### WORK TO COMPLETE
From the data below, return the exact lines starting at the line containing "SEMINUEVOS TOYOTA GR" and ending at the line containing "The Critical Inflection", both included, and nothing else.

### MATERIAL SUPPLIED
────────────────
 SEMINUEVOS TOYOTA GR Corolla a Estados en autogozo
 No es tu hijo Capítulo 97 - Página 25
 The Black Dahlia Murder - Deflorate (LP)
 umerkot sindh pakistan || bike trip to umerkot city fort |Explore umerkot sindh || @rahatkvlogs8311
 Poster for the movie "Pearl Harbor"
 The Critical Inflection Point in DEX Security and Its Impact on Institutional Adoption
────────────────
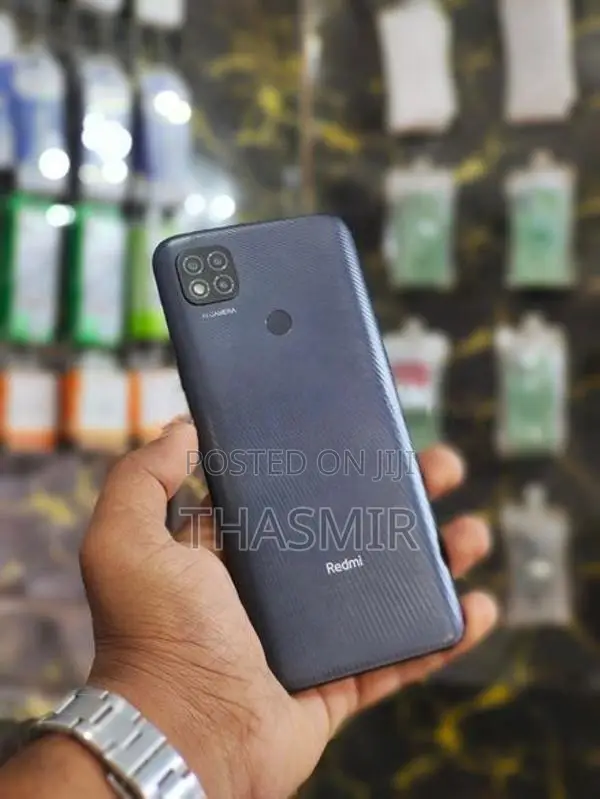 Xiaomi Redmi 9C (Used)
────────────────
### EXPECTED ANSWER
 SEMINUEVOS TOYOTA GR Corolla a Estados en autogozo
 No es tu hijo Capítulo 97 - Página 25
 The Black Dahlia Murder - Deflorate (LP)
 umerkot sindh pakistan || bike trip to umerkot city fort |Explore umerkot sindh || @rahatkvlogs8311
 Poster for the movie "Pearl Harbor"
 The Critical Inflection Point in DEX Security and Its Impact on Institutional Adoption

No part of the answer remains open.